• [ASSIGNMENT] Copy everything in the listing below word for word, apart from any images.

• [DATA BLOCK]
======
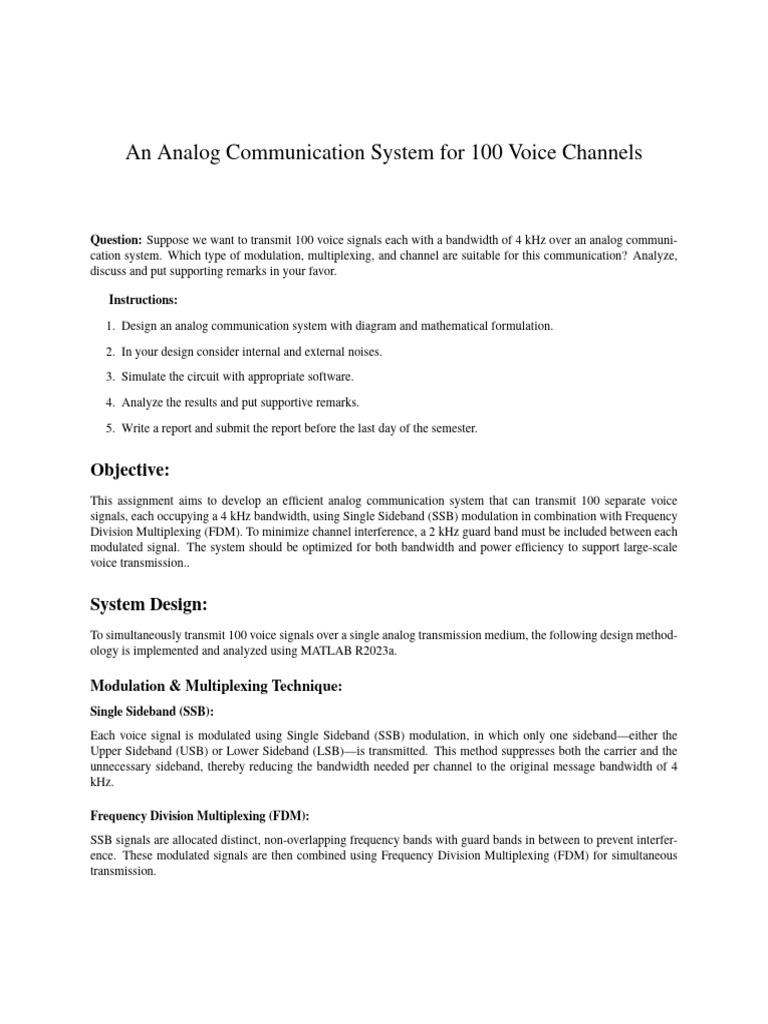 Communication Assignment 1 | PDF | Modulation | Electronic Engineering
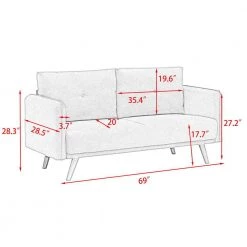 69 in. Light Gray Line 2-Seater Loveseat with Wood Legs by ATHMILE 13 69 in. Light Gray Line 2-Seater Loveseat with Wood Legs by ATHMILE -ATHMILE Sales Store light gray athmile loveseats gz b2w20220023 c3 1000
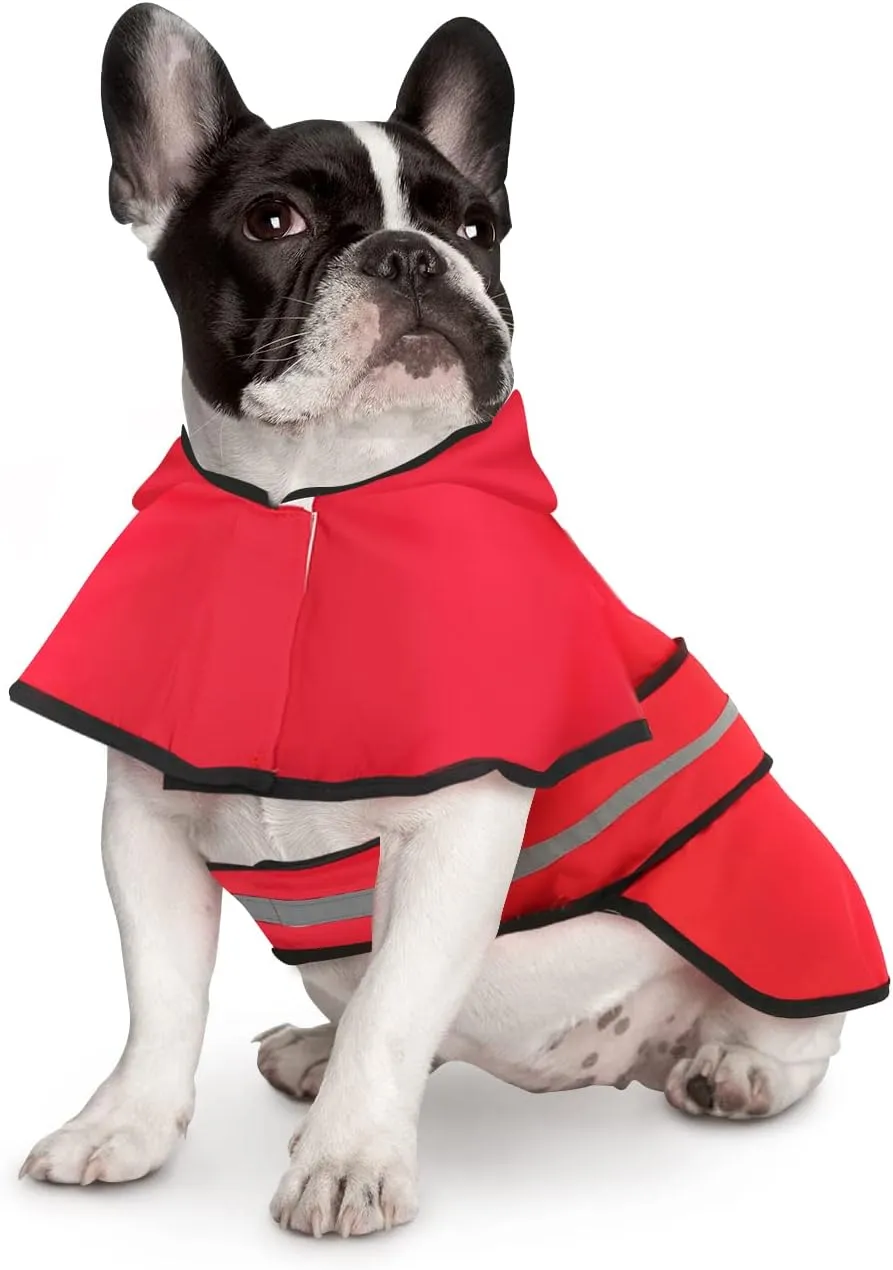 HDE Dog Raincoat Hooded Slicker Poncho for Small to X-Large Dogs and Puppies Red - S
======
• [EXERCISE RESULT]
 Communication Assignment 1 | PDF | Modulation | Electronic Engineering
 69 in. Light Gray Line 2-Seater Loveseat with Wood Legs by ATHMILE 13 69 in. Light Gray Line 2-Seater Loveseat with Wood Legs by ATHMILE -ATHMILE Sales Store light gray athmile loveseats gz b2w20220023 c3 1000
 HDE Dog Raincoat Hooded Slicker Poncho for Small to X-Large Dogs and Puppies Red - S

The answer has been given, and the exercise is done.